Evelyn Dove was a singer and actress, heralded as Britain’s black cabaret queen. She belongs among such greats as Josephine Baker. The daughter of a Sierra Leonean barrister and his English wife, Dove studied singing, piano and elocution from an early age, and graduated from the Royal Academy of Music.
She joined the Southern Syncopated Orchestra – West Indian, West African and American musicians – but in 1921, 9 of them drowned in an accident at sea. Dove toured Western Europe, the US and India. She was the first black female singer on the BC, and one of her shows was so successful they turned it into a TV show.
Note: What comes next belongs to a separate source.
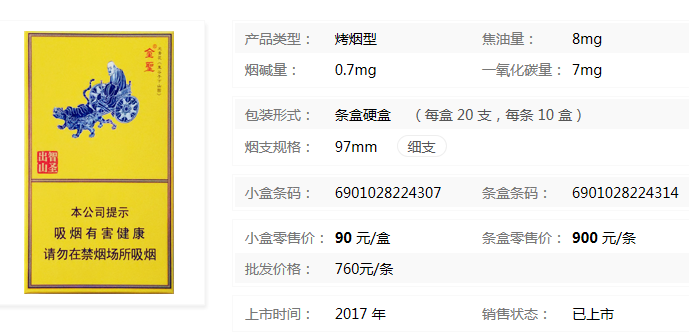 中山雪茄收藏价格,中山雪茄收藏价格查询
By the 1940s Evelyn Dove was a household name.
Una Marson was a poet, playwright, editor, the first black woman programme maker at the BBC, and an activist.
Marson’s work was anti-colonial, antiracist, working class, feminist and Pan-Africanist. Writing in both English and Jamaican patois, her work addressed the lived realities of working class Jamaicans and the wider Caribbean diaspora community in the UK. She wrote about being a colonial subject who comes to the ‘Motherland’ only to find it alienating and racist. She broke down racist, Eurocentric beauty standards and the negative impacts they have.
Marson took over a BBC radio show, which had been a way for soldiers to send messages to their families, and turned it into Caribbean Voices, a key international platform for Caribbean literature.
Jocelyn Barrow was a founding member and General Secretary of the Campaign Against Racial Discrimination, the organisation responsible for driving the Race Relations legislation of 1968.
As a teacher trainer in the 1960s, Barrow pioneered the introduction of multicultural education into the British schools system.
Barrow was also the first black woman Governor of the BBC, and the founder and Deputy Chair of the Broadcasting Standards Council, which set standards and investigated complaints into TV, press and radio, as well as leading on studies into the effects in society of what people see on TV. The BSC later became Ofcom.